Just picked up a new 210rs 10th anniversary from lakeshore rv loving it and saved allot of $ local dealers weren't even close to the price.


----------



## john7349 (Jan 13, 2008)

Congrats! Your going to have a great time with it.







:ibbanana:


----------



## jasonrebecca (Oct 30, 2007)

Congrats on the purchase and Welcome!
We love our 21rs


----------



## Oregon_Camper (Sep 13, 2004)

Welcome...Welcome...Welcome.

Glad you found us.









Congrats on the new Outback. You're going to LOVE it.


----------



## conp435 (Nov 7, 2010)

first trip next weekend to albany OR


----------



## topjudge (Feb 23, 2011)

conp435 said:


> Just picked up a new 210rs 10th anniversary from lakeshore rv loving it and saved allot of $ local dealers weren't even close to the price.

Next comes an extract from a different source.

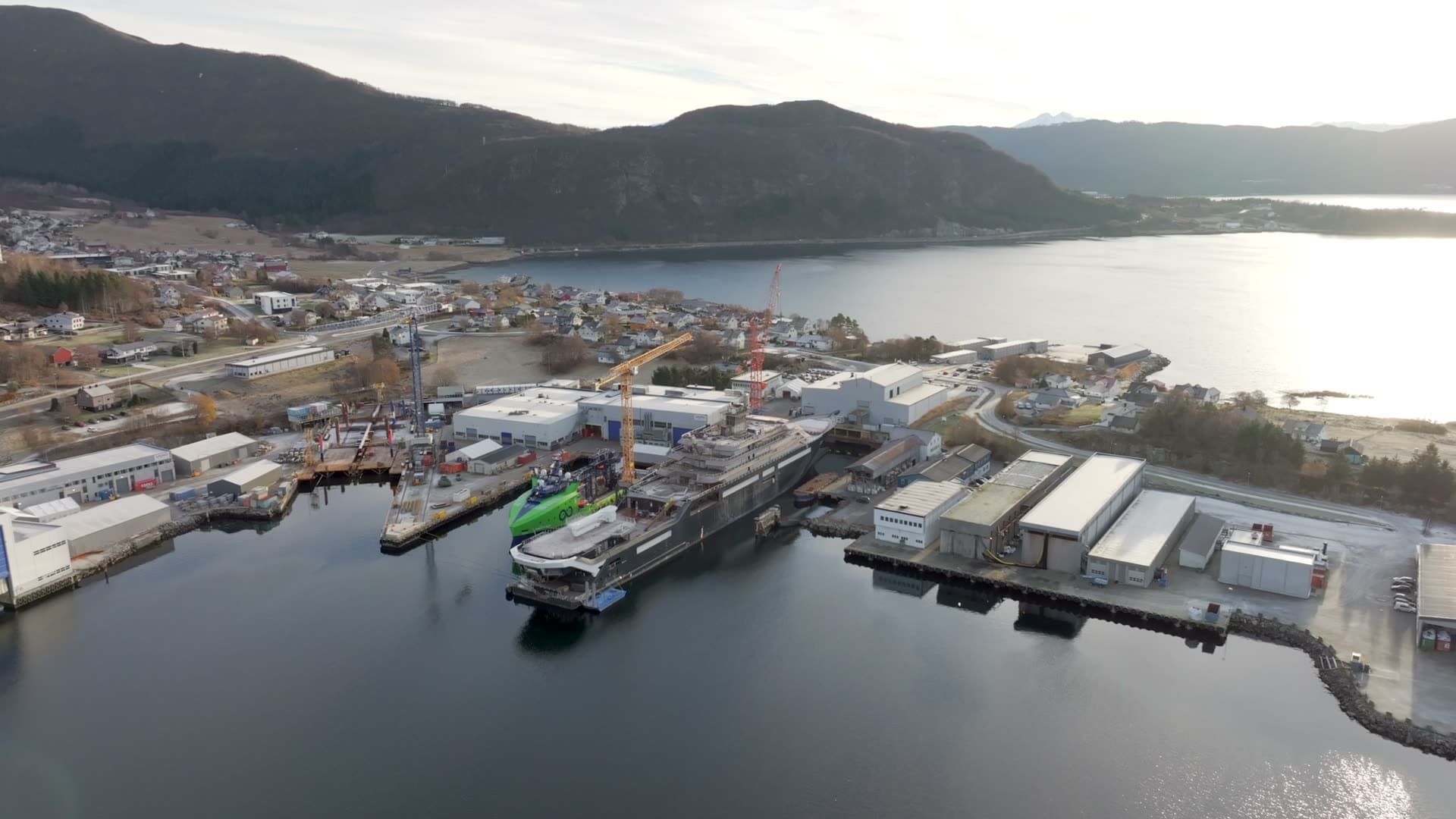 Wide retreating aerial view of REV Ocean and Vard Søviknes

We are leaving next week (May 27) from North Idaho and driving all the way to Holman to pick up our 2012 210RS. Long drive but worth it. Will be vacationing in the Black Hills of South Dakota on the way back.


----------



## conp435 (Nov 7, 2010)

You going 90 all the way? getting off 90 at billings and going thru N Dakota to fargo and then down is allot nicer drive. S Dakota and wyoming have allot of elevation changes







works out to be about the same miles. Also the tolls roads in Illinois suck I avoided them on the way back.


----------